It will be manifest again on Sunday when voters go to the polls in the first round of elections in Peru, where Ollanta Humala, a radical nationalist, is widely tipped to emerge as eventual victor. He has promised an end to "neo-liberal" policies and regularly attacks foreign companies. But the prospect does not greatly trouble fund managers: they see little chance of his defaulting on his country's debt.
Hugo Chávez, Venezuela's radical anti-American leader, may be deploying revenues from the western hemisphere's largest oil reserves in order to sow the seeds of what he calls "21st-century socialism". No matter: the country's oil wealth is seen as buttressing solvency.
For portfolio investors, countries such as Bolivia - where Evo Morales, a radical indigenous leader who won a landslide victory at polls in December, has confirmed plans to nationalise the gas industry - are too small to count. But of late, radicalism has been spreading beyond the Andes. In the last few months Néstor Kirchner, Argentina's radical president, has nationalised a foreign utility, imposed price controls and sacked Roberto Lavagna, his market-friendly finance minister.

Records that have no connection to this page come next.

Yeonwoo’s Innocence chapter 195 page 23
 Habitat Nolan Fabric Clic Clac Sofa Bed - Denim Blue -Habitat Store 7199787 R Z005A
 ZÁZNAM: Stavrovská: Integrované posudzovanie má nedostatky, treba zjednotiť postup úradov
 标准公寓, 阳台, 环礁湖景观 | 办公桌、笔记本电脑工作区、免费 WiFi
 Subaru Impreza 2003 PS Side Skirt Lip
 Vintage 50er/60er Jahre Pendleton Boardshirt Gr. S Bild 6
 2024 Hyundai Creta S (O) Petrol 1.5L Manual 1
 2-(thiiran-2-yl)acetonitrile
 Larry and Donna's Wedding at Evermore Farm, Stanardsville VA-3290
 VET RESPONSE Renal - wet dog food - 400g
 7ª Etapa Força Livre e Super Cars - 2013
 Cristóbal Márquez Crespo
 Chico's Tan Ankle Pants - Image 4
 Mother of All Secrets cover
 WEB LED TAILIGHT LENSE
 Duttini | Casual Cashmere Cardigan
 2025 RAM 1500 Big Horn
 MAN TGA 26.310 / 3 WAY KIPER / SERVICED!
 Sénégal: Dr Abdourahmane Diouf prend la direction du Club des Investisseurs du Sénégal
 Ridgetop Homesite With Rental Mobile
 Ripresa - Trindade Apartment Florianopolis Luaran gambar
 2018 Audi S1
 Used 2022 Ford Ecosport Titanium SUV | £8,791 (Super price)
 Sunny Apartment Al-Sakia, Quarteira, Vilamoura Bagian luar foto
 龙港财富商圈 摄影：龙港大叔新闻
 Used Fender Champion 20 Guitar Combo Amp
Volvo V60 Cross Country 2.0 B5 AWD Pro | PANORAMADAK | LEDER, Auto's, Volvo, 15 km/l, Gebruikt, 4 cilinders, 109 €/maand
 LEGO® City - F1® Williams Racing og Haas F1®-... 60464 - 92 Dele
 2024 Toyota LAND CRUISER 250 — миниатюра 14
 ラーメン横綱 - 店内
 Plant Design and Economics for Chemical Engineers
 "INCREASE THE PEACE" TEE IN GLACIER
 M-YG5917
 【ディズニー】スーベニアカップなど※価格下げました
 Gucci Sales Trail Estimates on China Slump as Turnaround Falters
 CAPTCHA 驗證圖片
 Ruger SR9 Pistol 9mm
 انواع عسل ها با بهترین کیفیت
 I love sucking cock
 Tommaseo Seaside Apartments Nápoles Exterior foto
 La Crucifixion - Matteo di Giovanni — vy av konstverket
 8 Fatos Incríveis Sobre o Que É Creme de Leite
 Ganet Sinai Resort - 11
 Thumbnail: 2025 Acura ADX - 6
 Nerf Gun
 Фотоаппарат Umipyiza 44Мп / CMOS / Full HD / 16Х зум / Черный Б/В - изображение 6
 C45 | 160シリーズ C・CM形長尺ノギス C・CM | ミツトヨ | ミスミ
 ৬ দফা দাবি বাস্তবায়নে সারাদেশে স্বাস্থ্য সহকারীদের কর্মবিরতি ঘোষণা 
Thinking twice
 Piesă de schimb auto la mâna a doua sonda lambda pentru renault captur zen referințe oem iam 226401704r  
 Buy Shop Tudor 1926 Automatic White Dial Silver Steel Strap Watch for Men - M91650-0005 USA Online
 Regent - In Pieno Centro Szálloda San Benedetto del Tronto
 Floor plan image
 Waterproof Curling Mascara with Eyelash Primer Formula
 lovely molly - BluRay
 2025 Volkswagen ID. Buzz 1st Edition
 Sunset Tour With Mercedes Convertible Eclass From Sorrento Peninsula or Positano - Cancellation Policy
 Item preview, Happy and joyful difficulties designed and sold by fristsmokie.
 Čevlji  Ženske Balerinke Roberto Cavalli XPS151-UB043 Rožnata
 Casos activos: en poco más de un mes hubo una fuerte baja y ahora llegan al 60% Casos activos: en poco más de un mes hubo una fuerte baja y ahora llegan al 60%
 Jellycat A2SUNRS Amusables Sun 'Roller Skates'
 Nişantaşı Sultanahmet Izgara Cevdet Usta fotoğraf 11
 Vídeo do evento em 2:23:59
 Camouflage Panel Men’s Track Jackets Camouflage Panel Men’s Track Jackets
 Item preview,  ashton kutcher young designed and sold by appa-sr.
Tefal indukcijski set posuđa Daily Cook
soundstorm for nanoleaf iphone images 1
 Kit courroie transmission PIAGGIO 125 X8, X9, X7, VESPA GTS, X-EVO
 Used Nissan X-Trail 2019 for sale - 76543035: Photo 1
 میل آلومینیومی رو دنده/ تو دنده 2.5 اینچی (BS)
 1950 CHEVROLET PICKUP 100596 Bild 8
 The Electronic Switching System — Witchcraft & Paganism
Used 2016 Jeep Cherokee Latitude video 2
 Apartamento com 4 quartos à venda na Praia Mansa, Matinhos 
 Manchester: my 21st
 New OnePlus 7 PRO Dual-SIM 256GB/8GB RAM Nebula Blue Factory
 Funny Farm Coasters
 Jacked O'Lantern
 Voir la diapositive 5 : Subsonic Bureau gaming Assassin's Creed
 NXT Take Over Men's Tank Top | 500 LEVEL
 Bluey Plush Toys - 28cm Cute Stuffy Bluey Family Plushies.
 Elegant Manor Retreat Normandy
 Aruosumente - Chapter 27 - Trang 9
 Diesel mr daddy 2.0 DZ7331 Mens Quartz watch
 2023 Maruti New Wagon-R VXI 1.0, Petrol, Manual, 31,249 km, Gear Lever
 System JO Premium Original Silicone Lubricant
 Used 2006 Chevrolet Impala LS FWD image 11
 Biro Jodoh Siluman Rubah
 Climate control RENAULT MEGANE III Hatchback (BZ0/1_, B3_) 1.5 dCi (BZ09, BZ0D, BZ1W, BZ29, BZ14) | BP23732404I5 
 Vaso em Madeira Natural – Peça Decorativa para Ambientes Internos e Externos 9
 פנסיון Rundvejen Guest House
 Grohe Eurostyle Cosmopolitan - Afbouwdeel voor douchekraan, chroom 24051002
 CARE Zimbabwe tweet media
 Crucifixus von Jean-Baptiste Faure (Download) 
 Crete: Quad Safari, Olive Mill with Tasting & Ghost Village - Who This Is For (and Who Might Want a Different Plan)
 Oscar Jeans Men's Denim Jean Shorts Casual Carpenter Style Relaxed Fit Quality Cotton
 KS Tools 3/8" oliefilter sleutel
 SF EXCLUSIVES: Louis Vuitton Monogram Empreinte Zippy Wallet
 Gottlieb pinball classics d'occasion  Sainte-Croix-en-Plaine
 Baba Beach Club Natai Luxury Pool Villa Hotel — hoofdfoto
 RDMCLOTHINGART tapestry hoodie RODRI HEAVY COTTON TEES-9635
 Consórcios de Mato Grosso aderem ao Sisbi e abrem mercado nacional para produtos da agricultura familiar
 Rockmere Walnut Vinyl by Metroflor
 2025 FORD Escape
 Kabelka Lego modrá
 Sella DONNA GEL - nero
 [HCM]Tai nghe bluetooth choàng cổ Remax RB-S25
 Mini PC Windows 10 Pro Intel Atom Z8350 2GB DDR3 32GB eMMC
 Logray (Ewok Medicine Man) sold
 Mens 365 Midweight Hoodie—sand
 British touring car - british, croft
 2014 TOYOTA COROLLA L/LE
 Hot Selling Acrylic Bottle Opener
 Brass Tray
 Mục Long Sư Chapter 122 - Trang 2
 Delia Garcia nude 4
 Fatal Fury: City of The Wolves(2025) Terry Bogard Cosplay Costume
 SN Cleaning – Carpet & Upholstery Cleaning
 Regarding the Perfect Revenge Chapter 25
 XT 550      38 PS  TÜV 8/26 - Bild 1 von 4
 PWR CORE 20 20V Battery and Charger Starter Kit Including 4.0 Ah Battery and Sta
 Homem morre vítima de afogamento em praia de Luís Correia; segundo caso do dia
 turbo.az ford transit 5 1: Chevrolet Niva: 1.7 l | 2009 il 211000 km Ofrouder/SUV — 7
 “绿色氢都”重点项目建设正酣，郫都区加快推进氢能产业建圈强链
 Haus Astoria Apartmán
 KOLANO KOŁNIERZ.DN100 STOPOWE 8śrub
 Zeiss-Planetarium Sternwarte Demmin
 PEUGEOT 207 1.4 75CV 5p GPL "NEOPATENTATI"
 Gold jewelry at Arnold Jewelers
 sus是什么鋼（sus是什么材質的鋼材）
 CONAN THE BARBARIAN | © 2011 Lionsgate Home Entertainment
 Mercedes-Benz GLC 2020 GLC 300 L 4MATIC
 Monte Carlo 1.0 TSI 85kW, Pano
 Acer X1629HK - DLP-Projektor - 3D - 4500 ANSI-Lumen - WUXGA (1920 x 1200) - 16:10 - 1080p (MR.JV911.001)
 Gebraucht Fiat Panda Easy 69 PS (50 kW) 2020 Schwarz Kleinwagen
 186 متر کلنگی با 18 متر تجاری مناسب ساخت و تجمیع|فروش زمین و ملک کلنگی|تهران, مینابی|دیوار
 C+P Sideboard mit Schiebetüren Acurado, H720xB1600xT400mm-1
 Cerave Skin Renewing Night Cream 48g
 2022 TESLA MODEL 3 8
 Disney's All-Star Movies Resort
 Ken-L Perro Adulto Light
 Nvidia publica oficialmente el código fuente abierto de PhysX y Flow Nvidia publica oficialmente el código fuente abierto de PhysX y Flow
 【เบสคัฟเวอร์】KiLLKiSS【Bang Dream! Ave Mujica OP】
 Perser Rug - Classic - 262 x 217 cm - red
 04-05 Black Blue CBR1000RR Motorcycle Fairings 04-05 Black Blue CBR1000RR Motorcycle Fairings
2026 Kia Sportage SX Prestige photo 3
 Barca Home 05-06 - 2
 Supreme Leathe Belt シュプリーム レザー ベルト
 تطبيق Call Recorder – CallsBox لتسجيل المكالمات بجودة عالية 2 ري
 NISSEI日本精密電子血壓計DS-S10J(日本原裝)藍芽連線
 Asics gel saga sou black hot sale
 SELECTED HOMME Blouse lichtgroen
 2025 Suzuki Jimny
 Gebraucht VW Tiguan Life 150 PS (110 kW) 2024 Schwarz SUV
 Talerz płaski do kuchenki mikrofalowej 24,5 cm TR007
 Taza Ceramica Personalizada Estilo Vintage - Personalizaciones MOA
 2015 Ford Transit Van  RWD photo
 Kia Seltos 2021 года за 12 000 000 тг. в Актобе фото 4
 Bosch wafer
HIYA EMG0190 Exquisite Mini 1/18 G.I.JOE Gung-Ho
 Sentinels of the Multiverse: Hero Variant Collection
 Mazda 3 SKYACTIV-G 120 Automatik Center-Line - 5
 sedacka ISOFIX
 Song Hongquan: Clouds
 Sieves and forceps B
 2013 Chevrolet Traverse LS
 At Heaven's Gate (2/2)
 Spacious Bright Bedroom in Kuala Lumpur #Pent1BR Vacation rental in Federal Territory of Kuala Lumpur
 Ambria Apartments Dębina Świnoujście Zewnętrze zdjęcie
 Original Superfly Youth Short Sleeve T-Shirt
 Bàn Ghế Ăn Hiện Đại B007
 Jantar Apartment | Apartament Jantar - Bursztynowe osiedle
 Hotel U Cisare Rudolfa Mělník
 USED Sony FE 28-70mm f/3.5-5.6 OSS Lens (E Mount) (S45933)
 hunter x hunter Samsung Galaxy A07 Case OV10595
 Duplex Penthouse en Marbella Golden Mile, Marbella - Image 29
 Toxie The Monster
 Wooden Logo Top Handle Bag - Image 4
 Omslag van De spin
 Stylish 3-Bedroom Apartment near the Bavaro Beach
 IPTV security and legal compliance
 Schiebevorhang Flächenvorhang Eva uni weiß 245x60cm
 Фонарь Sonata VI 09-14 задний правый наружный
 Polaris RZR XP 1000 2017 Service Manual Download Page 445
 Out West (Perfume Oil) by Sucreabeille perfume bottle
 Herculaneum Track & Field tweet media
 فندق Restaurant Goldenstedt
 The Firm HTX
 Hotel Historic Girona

Last year his government negotiated a deal to restructure defaulted debt. So draconian were its terms that it seemed guaranteed to exclude the country from fresh borrowing on international capital markets. But nothing, it seems, can dim investors' enthusiasm: less than a year later, many are willing to lend it money at a fraction of the rates they charged a few years ago.
And in Brazil, leftwing president Luiz Inácio Lula da Silva is maintaining his commitment to conservative fiscal and monetary policy - although that is starting looking more threadbare following the resignation last week of the fiscally orthodox Antonio Palocci as finance minister amid the latest of a series of corruption scandals.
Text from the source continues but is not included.